Have you heard about the recent grasshopper invasion plaguing the Albuquerque area?

Here’s some background from Joanie Quinn, Organic Advisor for NMDA
“We have been getting calls all morning about a massive grasshopper invasion on the west side of Albuquerque, and also affecting the East Mountain area. People are reporting structures entirely covered with grasshoppers; and trees, shrubs and bushes being stripped within minutes. I don’t know yet if other parts of the state are affected but it seems likely. While there is little that can be done to stop this kind of swarm, row covers might provide some protection if they are well anchored. Turkeys, guinea hens and chickens are good allies but probably won’t be able to stop an invasion that makes ‘the sidewalk look like it’s moving.’

This swarm could be an indication of a bad grasshopper year so below are a couple of management tools available to organic producers. Keep in mind that the baits will not provide an instant knockdown, and neem will harm beneficials. Please remember that if you want to use one of these products and you did not include it on last year’s (2013) Organic System Plan you must email Brett  bbakker@nmda.nmsu.edu or Michael Diaz mdiaz@nmda.nmsu.edu and ask to update your OSP to include use of the product you wish to use. Wait for a re= turn confirmation before you apply the product.

Aside from poultry, here are a couple grasshopper management tools:

Nolo Bait or Semaspore Bait (The active ingredient is Nosema Locustae a microbe that causes a fatal disease. Grasshoppers that feed on the corpses are also infected. Fairly effective but slow acting. Nosema will kill crickets. Nosema Locustae is most effective if it is cooperatively used throughout a= community. Unless your nursery carries recent,  refrigerated product, you may want to have fresh product shipped to you because old or unrefrigerated Nosema may no longer be active.)

Azatrol or Neemix 4.5 (The active ingredient = is azadiractin—from neem. Expect collateral damage to beneficials.)

Be sure to follow all label directions. Hope you are doing well and managing to avoid the grasshoppers!”

And a bit more information on grasshopper behaviors, courtesy of Dr. Carol Sutherland at NMSU:

“With 160 species of grasshoppers documented for our state, there will likely be grasshoppers—but not necessarily the ones you’re seeing now. Prominent species change over time with some more commonly seen as adults early in the growing season and some much later.  I suspect the ones most folks are excited about now are Trimerotropus pallidipennis—‘pallid wing grasshoppers.’ I received some last instar nymphs earlier from a couple of places in the ABQ metro area; it’s likely those, too, are now adults—capable of flying—and doing very well at that.
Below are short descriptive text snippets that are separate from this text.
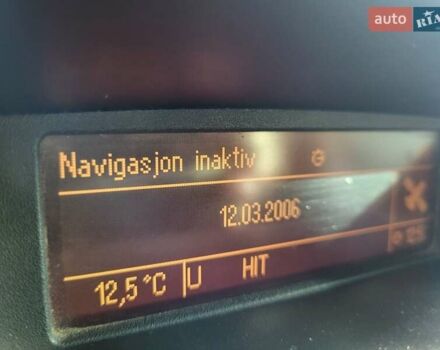 Опель Виваро, объемом двигателя 1.9 л и пробегом 273 тыс. км за 8850 $, фото 101 на Automoto.ua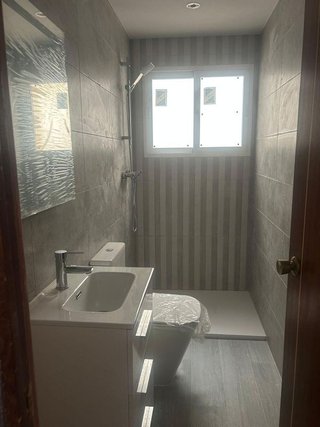 Piso en venta en San Ildefonso - Catedral en Jaén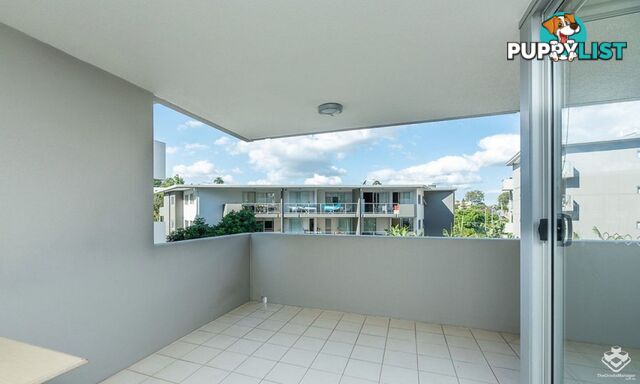 ID:21154247 95 Clarence Road Indooroopilly QLD 4068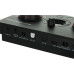 Звуковая карта Creative USB Sound BlasterX GC7 (Super X-Fi Ultra DSP) 7.1 Ret [70SB185000000]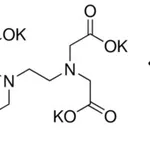 Merck ETHYLENEDIAMINETETRAACETIC ACID &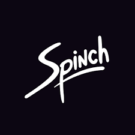 Spinch Kasino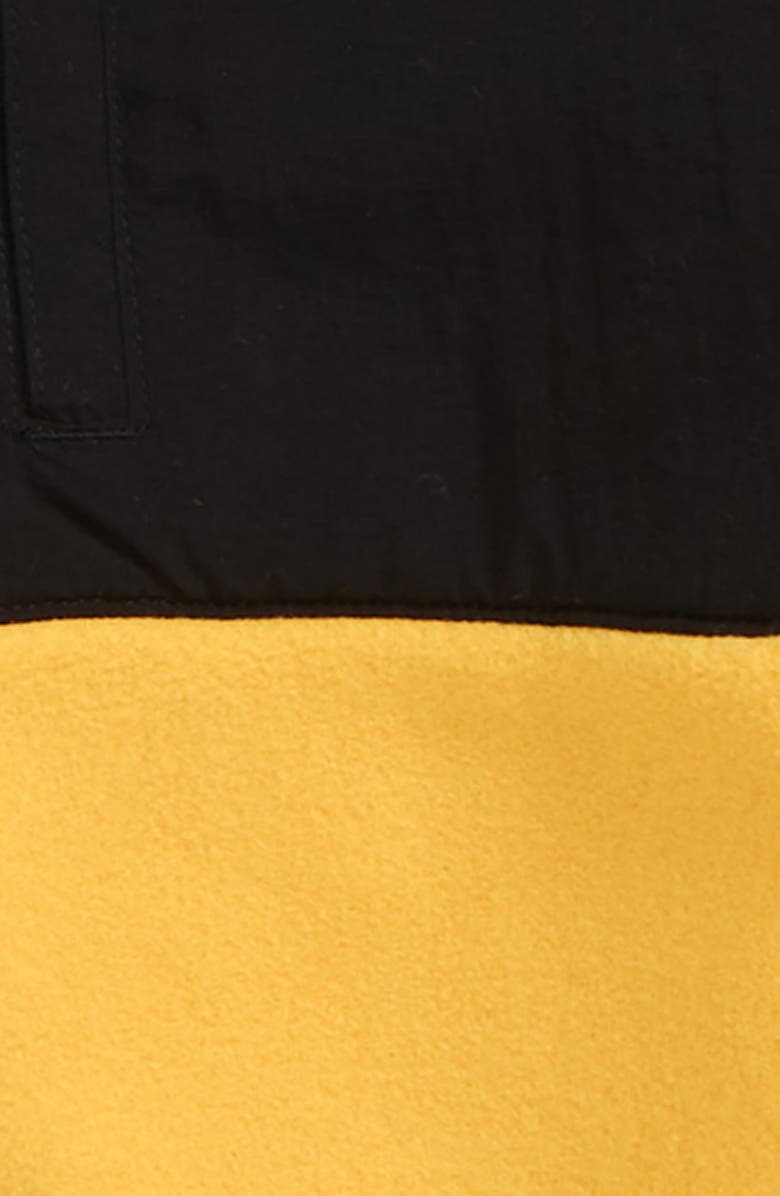 The North Face Denali Fleece Jacket, Alternate, color, 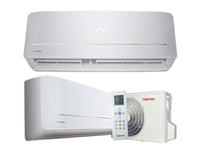 Toshiba RAS-09U2KH2S-EE/RAS-09U2AH2S-EE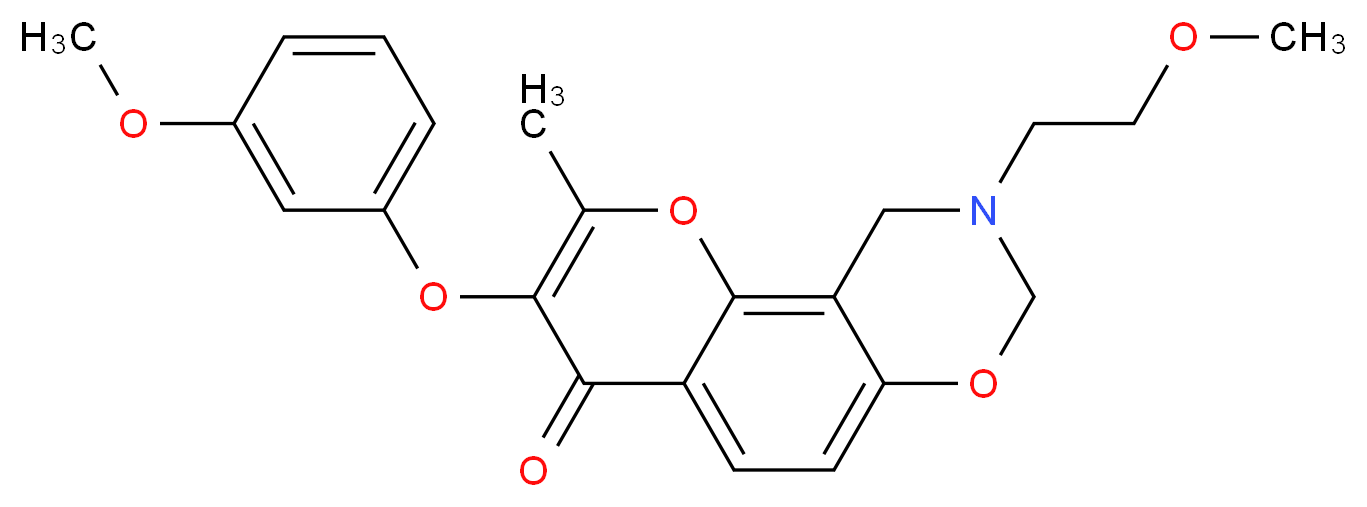_Molecular_structure_CAS_)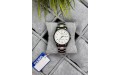 Мужские часы Casio T-1243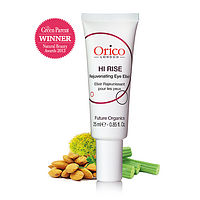Orico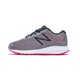 New Balance KJRUSGUG 儿童运动鞋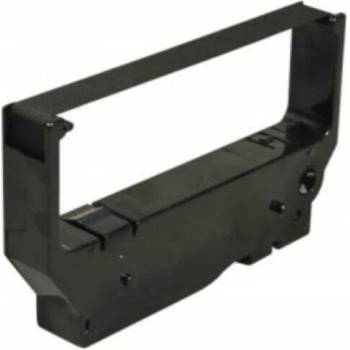 Image 1 of Compatible Star SP200 Black (KVSSP200B)
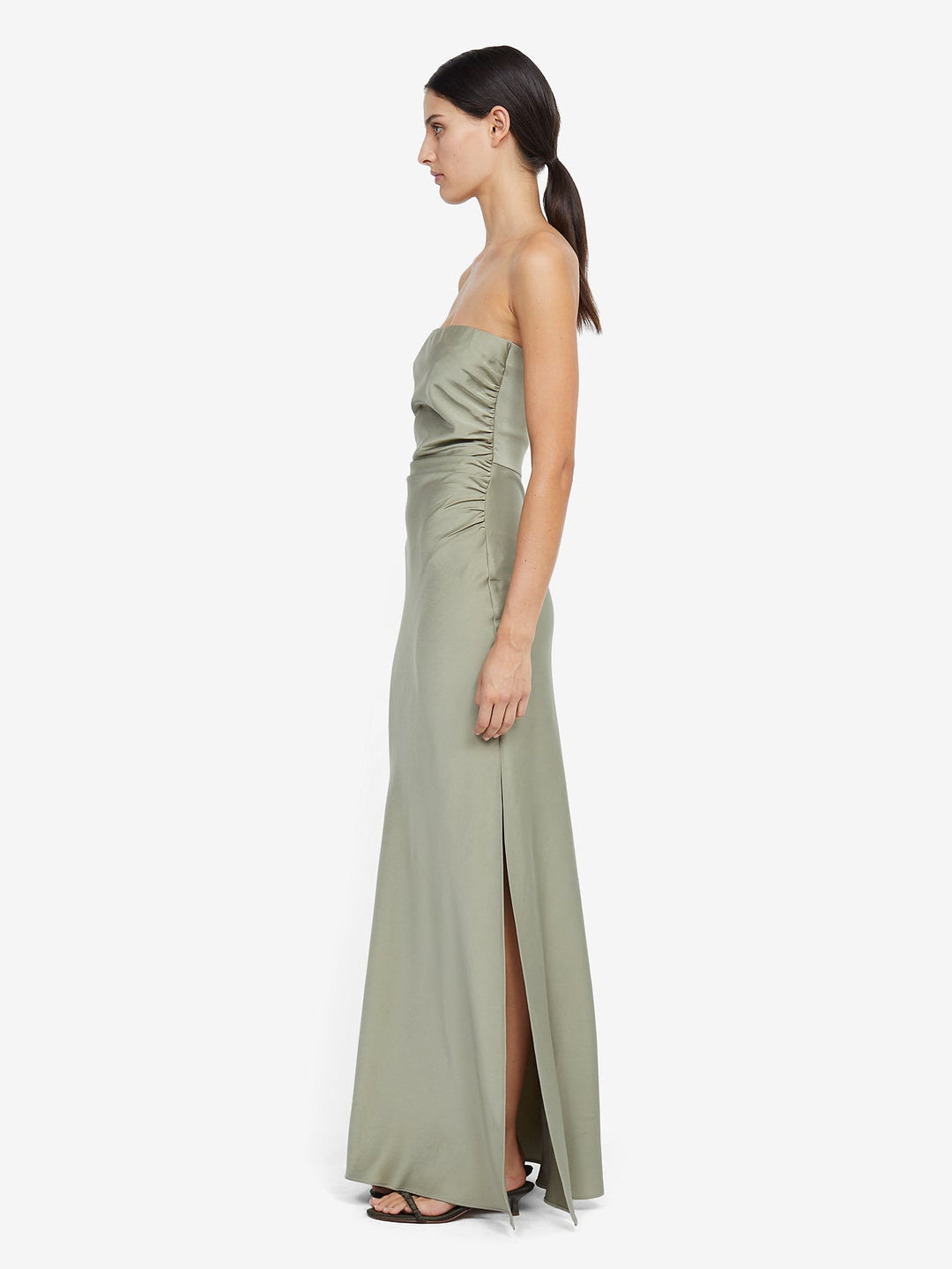 bec-bridge-eterntiy-strapless-maxi-dress-sage-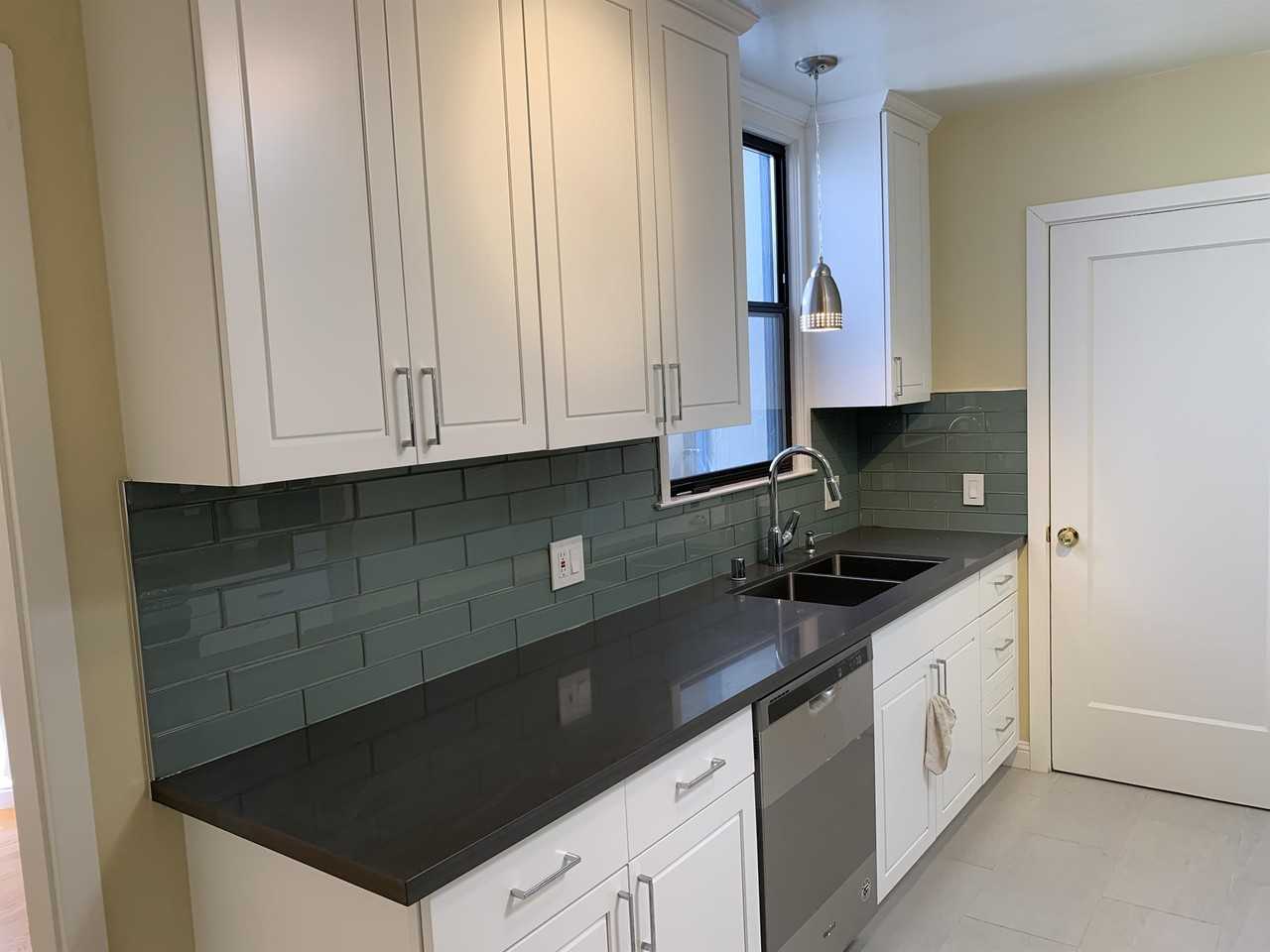 2235 24th Ave #1 - Photo 3 of 15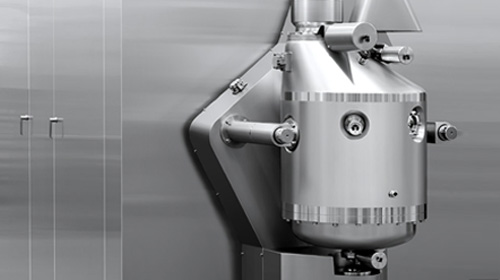 bevictorΰ�¹���-Τ�¹ٷ���վ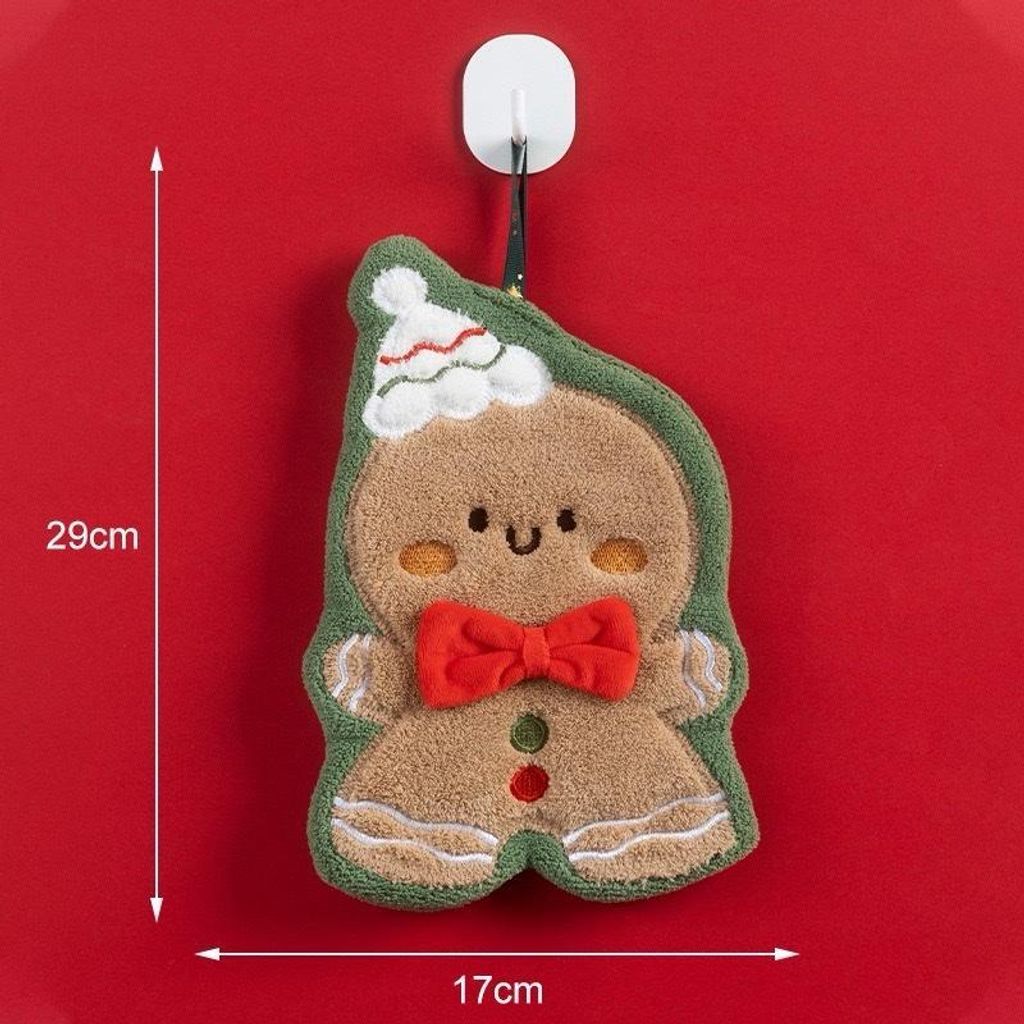 dd48f01bc8ab49e79e74a87208325647~tplv-aphluv4xwc-origin-jpeg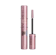 L’Oréal Sky High Waterproof Mascara 1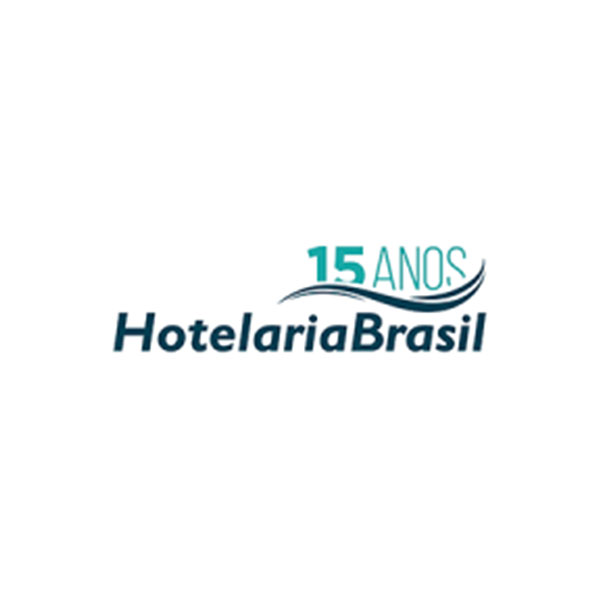 Hotelaria Brasil - Pensamento Verde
In fact, they are very strong fliers—capable of flying miles and miles.

Realize that the athletic abilities of grasshoppers are very much like ours. I must walk over 50 miles—in a month—just walking the dog. I don’t walk 50 miles in just one day. I walk more miles on the weekends with shorter stints on week days. When I’m not home, she doesn’t get outta jail. Similarly, hoppers will often fly for various distances—as they are disturbed, as they finish chewing on something, as the wind switches direction, all sorts of ‘stimuli.’ What people are seeing is ‘herds’ of flying grasshoppers that are hungry and grazing as opportunities permit. That they might come out of the house in the morning—or see the side of a big commercial building—covered in dozens to hundreds of hoppers resting there—doesn’t mean the apocalypse is near. These particular hoppers seems to be attracted to security lights in the evening, so they fly in swarms to those locations and settle before it gets really dark and cold. They need to warm up in the mornings before they take off to feed somewhere. That doesn’t mean they will chew down the apple tree in the backyard before you get home, either. They will shop around, grazing like cows and horses, finding green food in locations where it is present, likely irrigated ones with acceptable fodder. They won’t be flying out onto the rangeland—it’s dry as a cob out there—nothing to eat. So, they swirl into the irrigated areas, where the good stuff is—applied ecology.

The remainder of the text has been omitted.